According to Perry, over the course of the conversation, Parnas and Fruman said the U.S. Ambassador to the Ukraine at the time, Marie Yovanovitch, was not friendly to their business interests, and that President Trump would soon remove the longtime diplomat from her post.
“I was in complete disbelief,” Perry said. “My gut was telling me that this really hit [Favorov] hard. He said to me, ‘Dale, these are some ‘Odessa kind of guys’ looking to do things the wrong way.’ He was very distraught, and I understood why. I mean, how could these two guys possibly know the ambassador was going to be removed? Why would anyone even consider it? Ambassador Yovanovitch is an exceptional ambassador. She’s brilliant. She’s honest. She’s driven toward a moral good, and she believes in the code of law.”
Despite hearing this information secondhand, Perry said he felt compelled to pen Favorov’s revelations and relay them to the State Department through the Kiev embassy.
In May, Yovanovitch was removed from her post.
“I was in shock,” Perry said. “I thought, ‘If people can remove a very professional ambassador doing important work in one of the most important strategic places in the world right now, who can’t they remove?’ I thought, ‘Now [the Trump administration] is launching something. Where is this headed?’ As soon as she was removed, there was no leadership in that area anymore. Nobody there in the [Kiev] Embassy can serve with any confidence right now, and in a place where [Russian President] Vladimir Putin has direct, dangerous interests.”
After trying to explain the width and breadth of the geopolitical, economic and diplomatic scope of the events, Perry simplified his view to put the entire situation into an Idaho context.

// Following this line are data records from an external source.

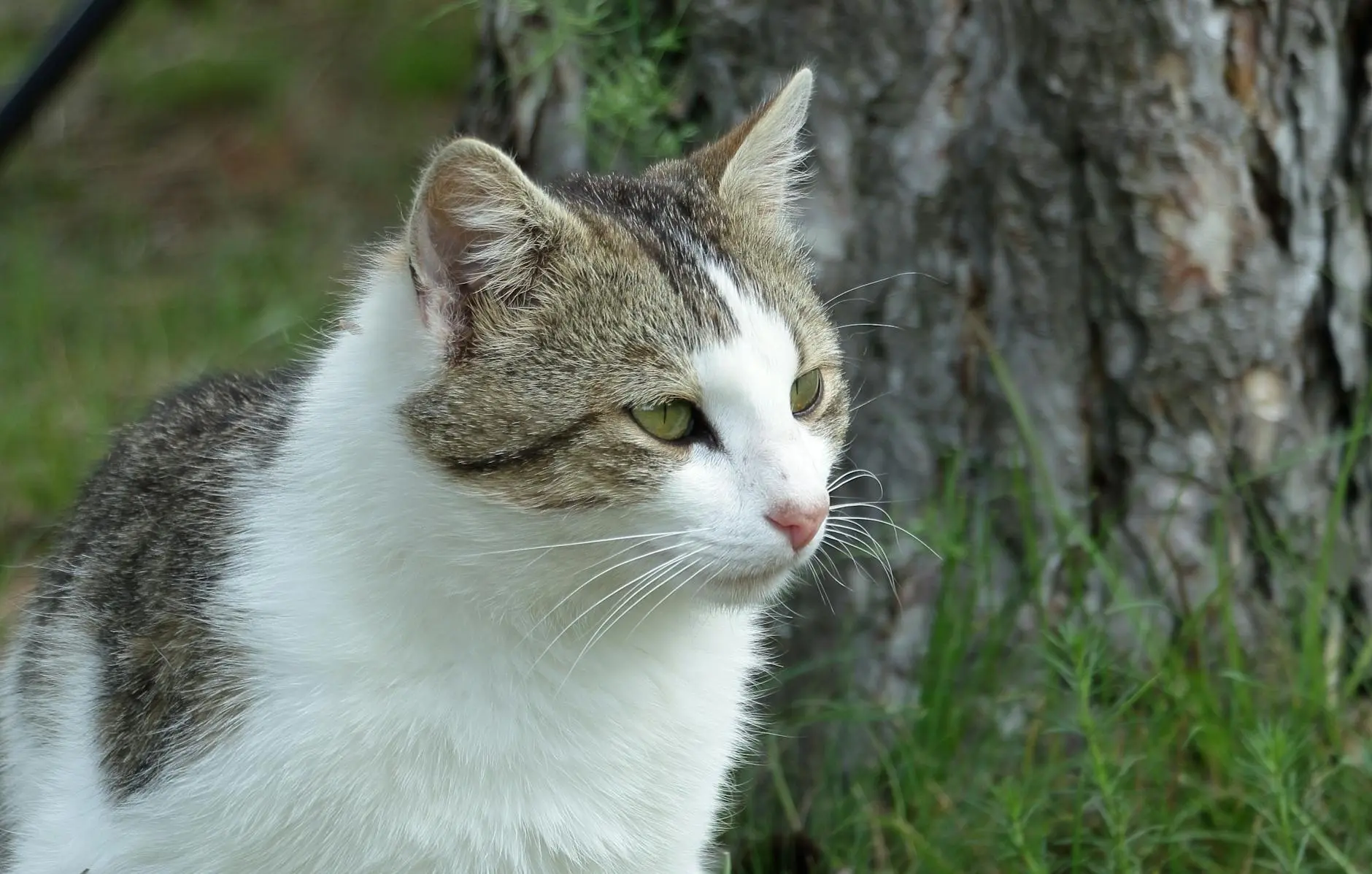 Persian Ragdoll Cat Mix: Complete Guide to This Lovable Hybrid Discover the affectionate nature, appearance, care needs, and FAQs of the charming Persian Ragdoll cat mix.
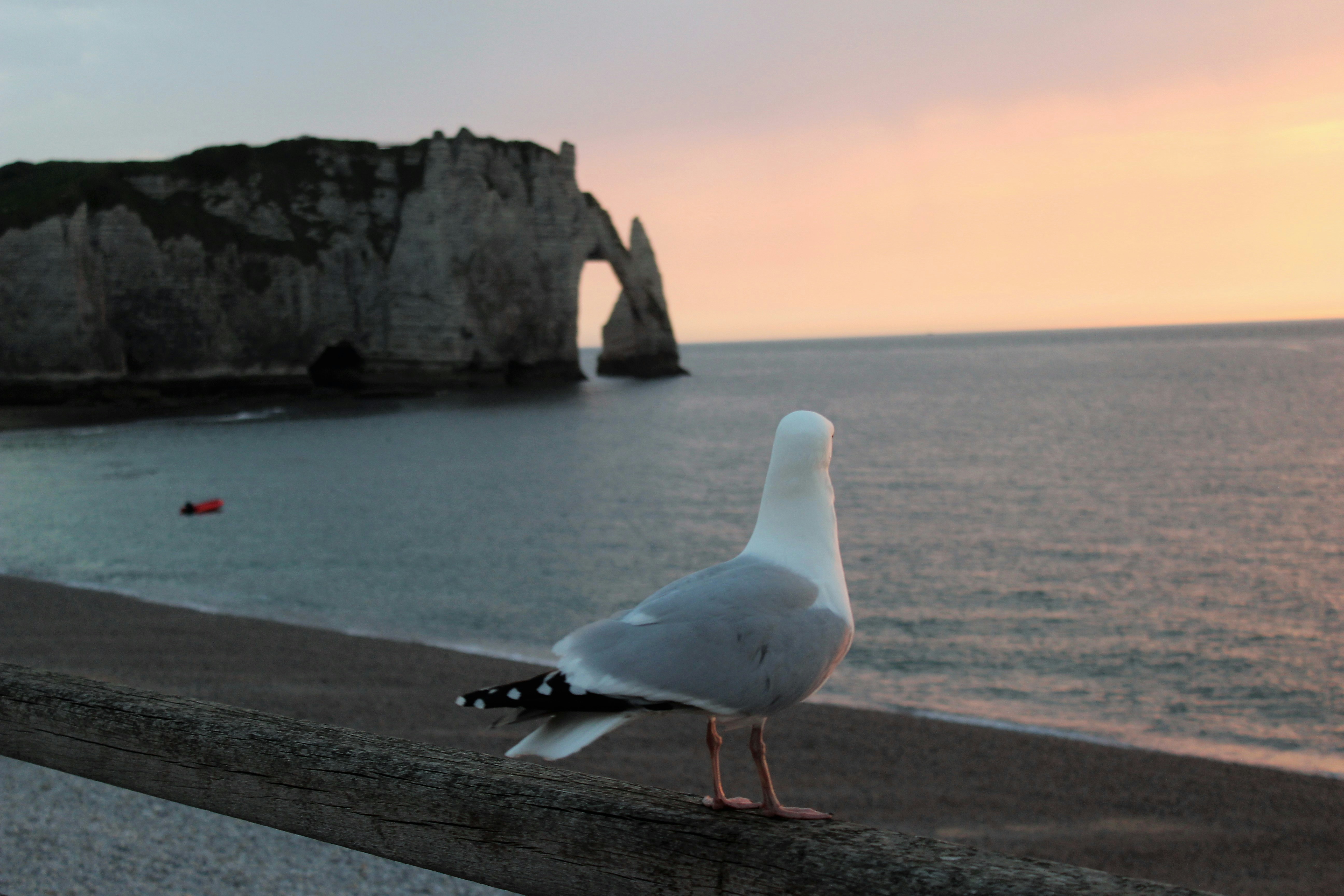 Etretat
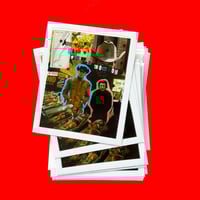 Image 2 of Midnight Cowboy 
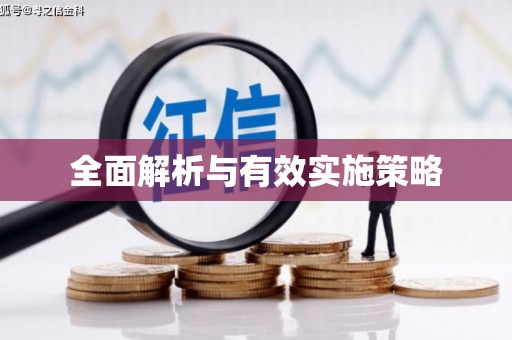 小金全面解析与有效实施策略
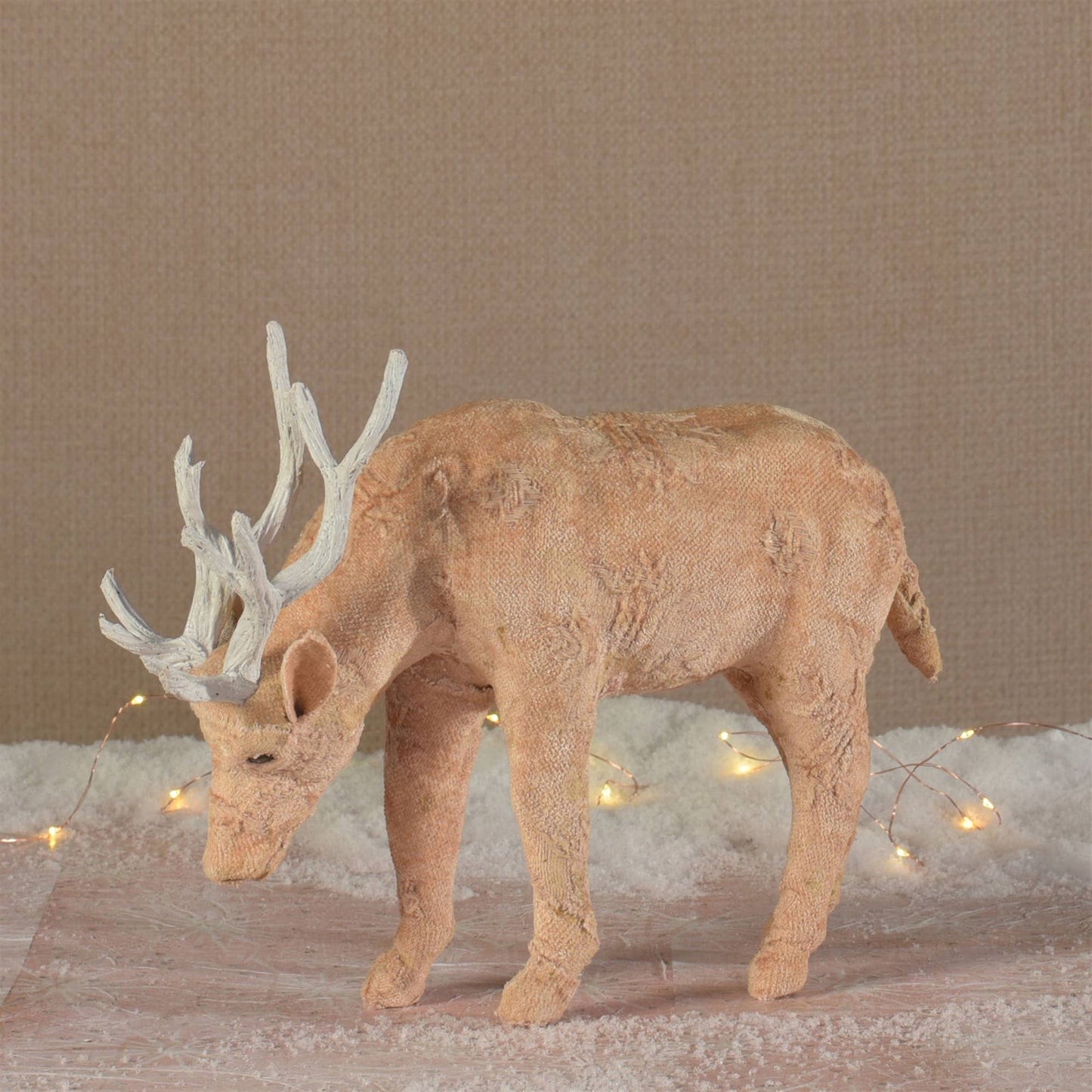 Small Blush Stag Grazing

“It would be akin to, if it’s Wednesday and Boise State University’s football team is getting ready to play their bowl game on Saturday. It would be like if the governor calls the president of Boise State and orders him to fire the coach. That’s a facetious analogy, but it’s apt. How’s the game going to go? How is the team going to do on Saturday?”
Perry carried the analogy further, asking deeper questions behind the theoretical nightmare scenario.

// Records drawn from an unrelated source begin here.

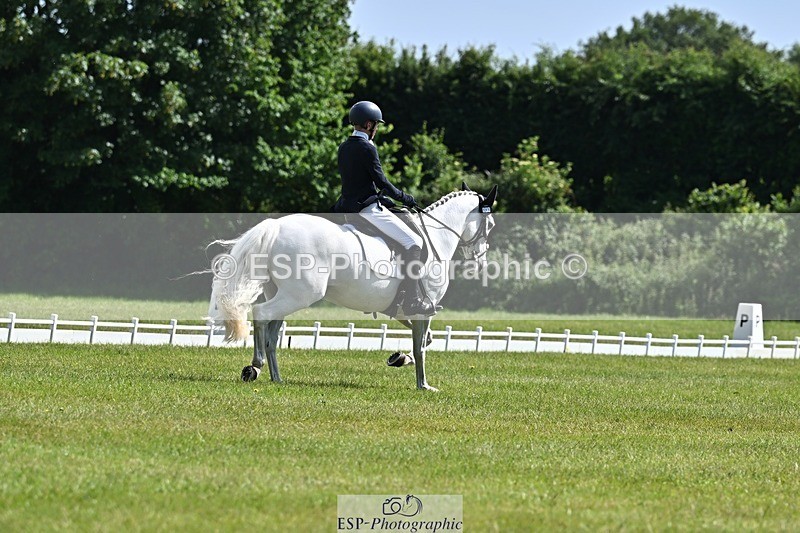 260529A-154153-08878 - A-118-Harry.Watkinson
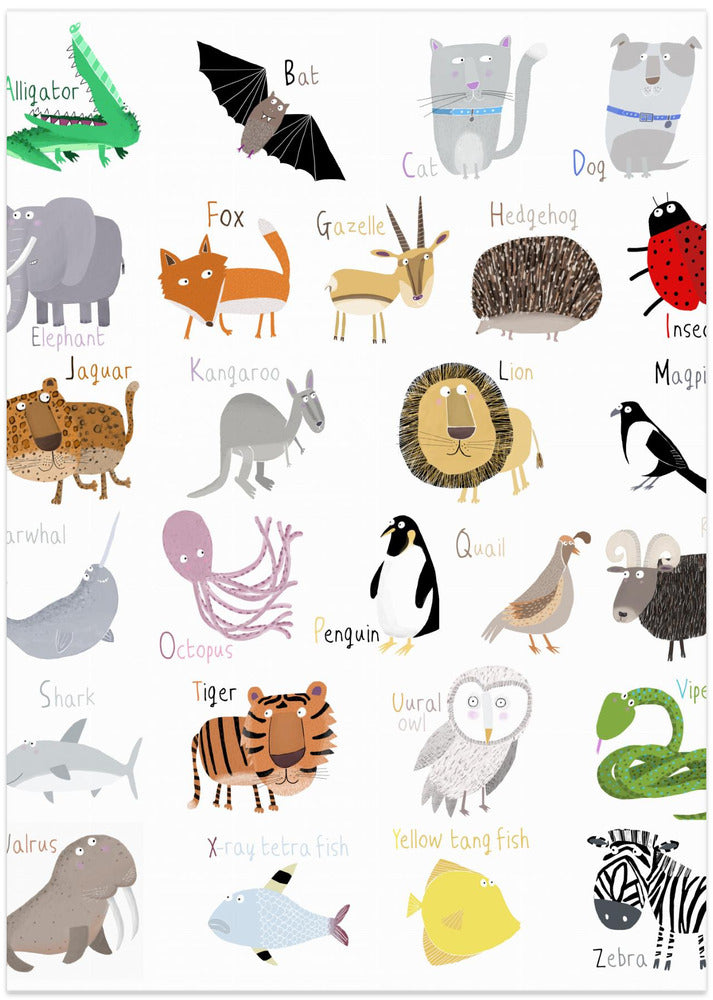 Illustrated Alphabet Animal Letters on White Background by Carla Daly - Art Print by Carla Daly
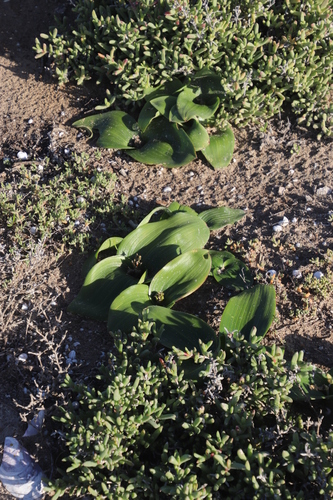 Daubenya zeyheri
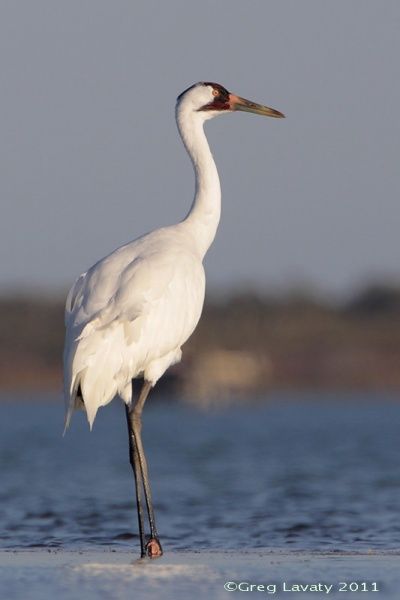 Whooping Crane. Feb 19, 1995. *Aransas NWR, TX w/ Jan. While stopping to look at an Eastern Kingbird, saw a large white crane - neck & legs extended- flying by out beyond the brush line.   Wingtips were black.   Later we both got good looks at a couple of birds from the observation tower w/ the scope, thanks to a couple who pointed them out to us. (Photo by Peacefrog2Goose Island State Park, Texas, USA, February 2011) White Crane Bird, Eastern Kingbird, Crane Photo, Cranes In The Sky, Whooping Crane, Dove Pictures, Observation Tower, White Crane, Tattoo Animal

“Why is the governor involved in a personnel decision just before the biggest game of the year in the first place?” he asked. “The most important time that ambassador is needed, she’s removed. Oh, and by the way, she’s the best coach the school has ever seen, the best coach any team could possibly hire. And the governor orders her to be fired.”

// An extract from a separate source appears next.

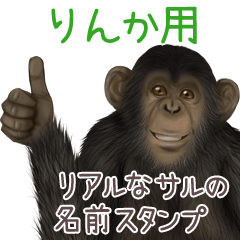 Rinka Monkey's real name Sticker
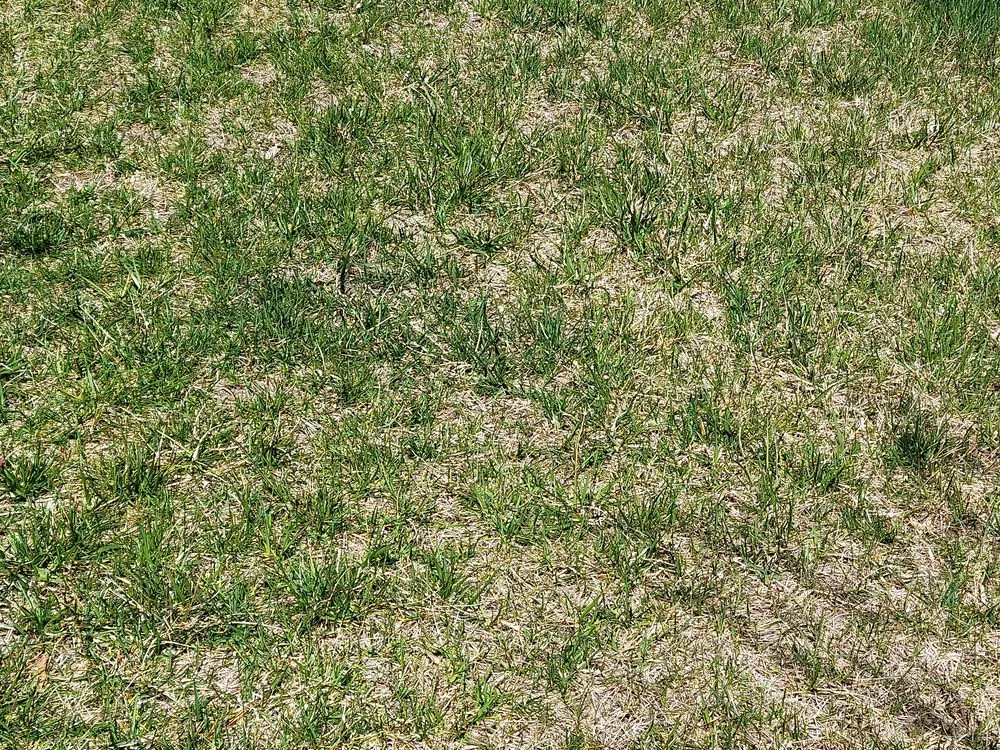 Top-rated yard cleanup service in Edgewater, MD by Blades of Green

While Perry did not speak directly to the controversy of President Trump asking the Ukraine to investigate former vice president and current political rival Joe Biden, Perry did say he agreed with President Trump on one issue of note.
“The Ukraine is one of the most corrupt places I’ve ever worked at,” Perry freely admitted. “Most all of the former Soviet republics are like that.”
He said bribery, extortion and under-the-table deals are normalized in the Ukraine. He described how companies are actually more willing to work in the former Soviet republic if they learn of officials willing to take bribes, as that actually signals a more structured environment than a lawless power vacuum.
“People always ask me, ‘Are you an energy specialist?’ ‘Are you an engineering specialist?’ I tell them: ‘I’m an anti-corruption specialist.’”
As Congress breaks for a long weekend from the impeachment inquiry, Perry will spend Thanksgiving on Bainbridge Island before flying back to Europe, flying over Coeur d’Alene as he heads overseas, back to help build America’s independence from Russian oil interests. He’s a long way from home.